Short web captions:
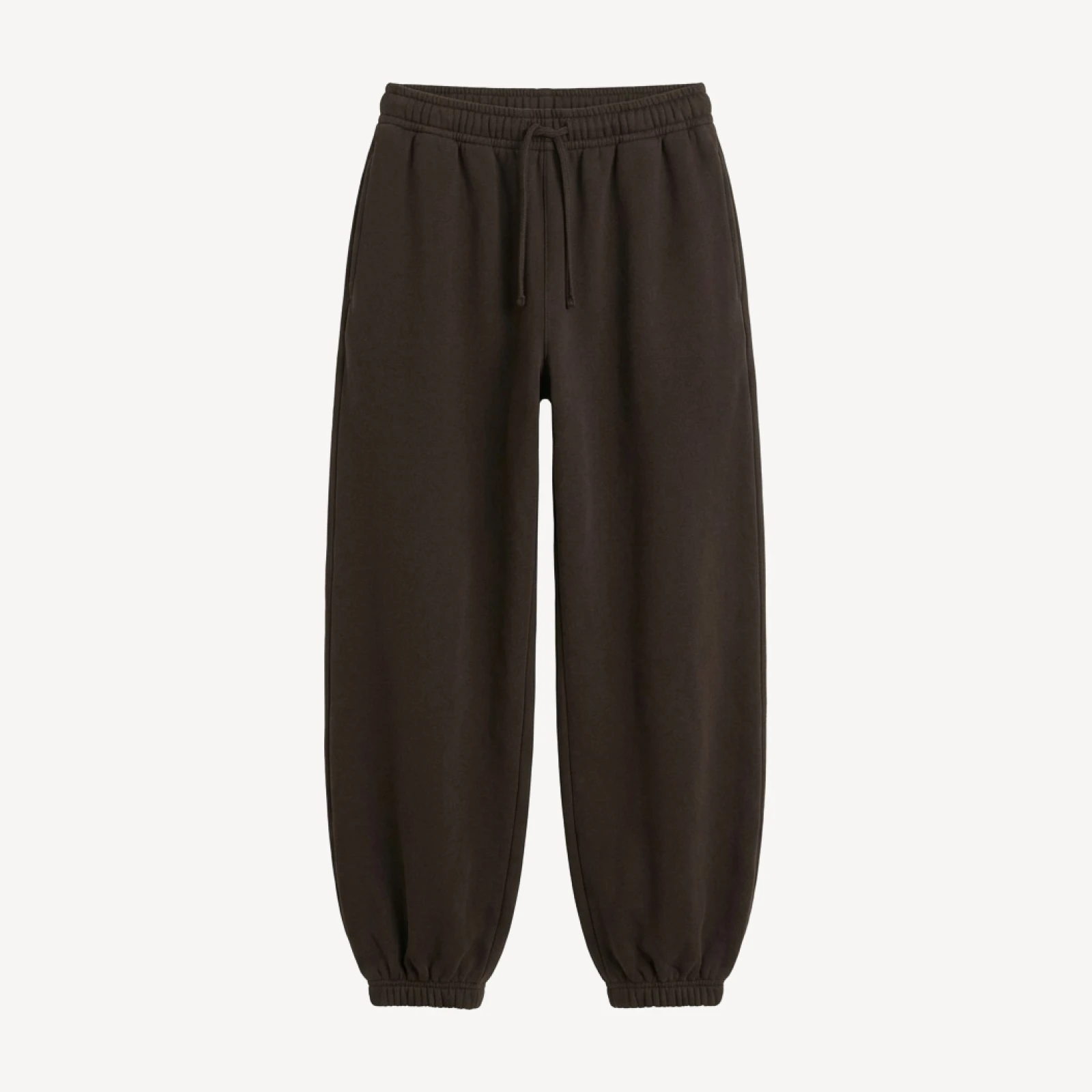 Cozy Sweatfleece Mega Baggy Balloon Jogger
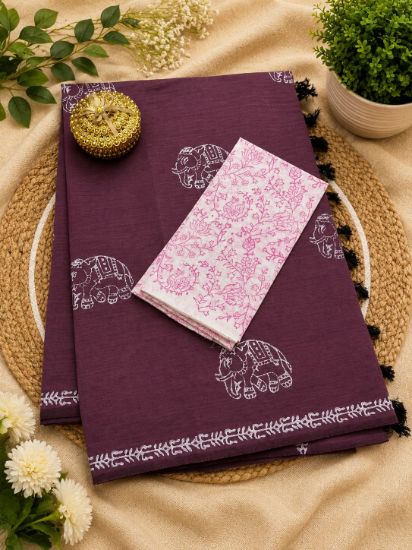 Picture of Cotton saree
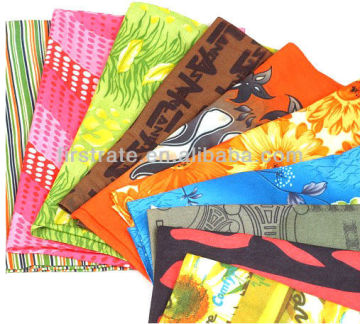 Square headwear,fashion hair bandana for sport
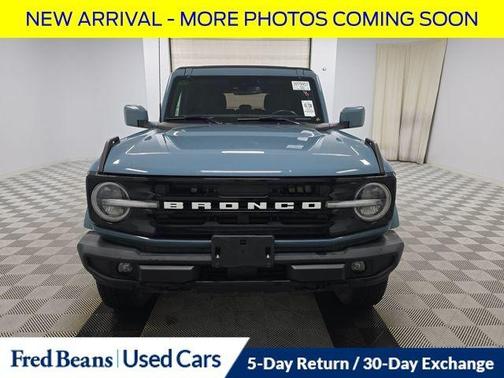 2022 Ford Bronco Outer Banks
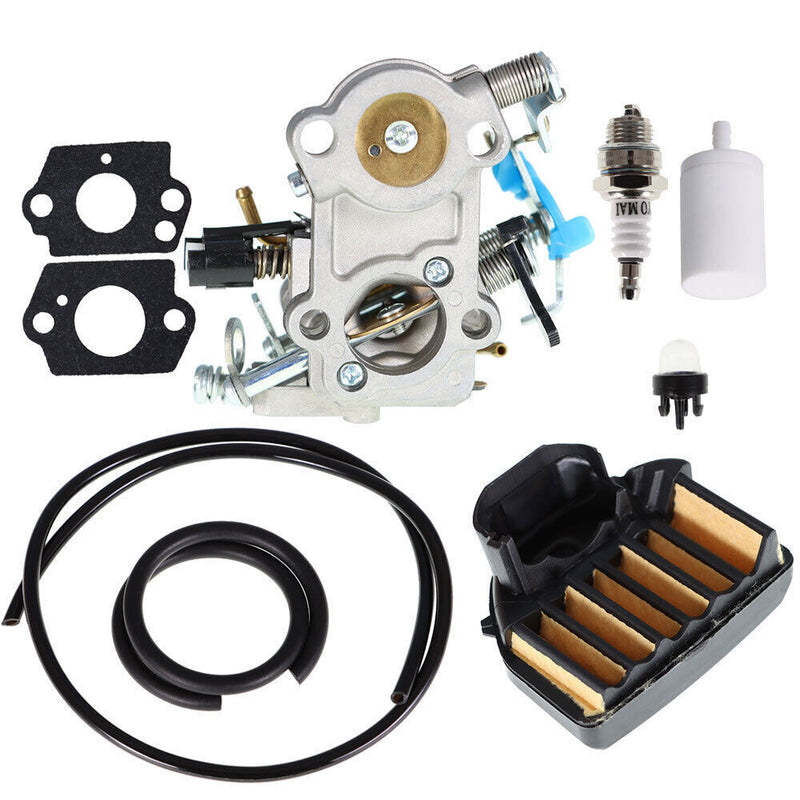 DURAFORCE Carburetor Kit For Husqvarna 455 460 461 WTA-29 WTEA-1-1 C1M-EL35 544883001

**Task brief:** Extract, word for word, each line from the one that contains "Square headwear,fashion hair" through the final line of the data above. Leave the pictures out.

**Exercise response:**
 Square headwear,fashion hair bandana for sport
 2022 Ford Bronco Outer Banks
 DURAFORCE Carburetor Kit For Husqvarna 455 460 461 WTA-29 WTEA-1-1 C1M-EL35 544883001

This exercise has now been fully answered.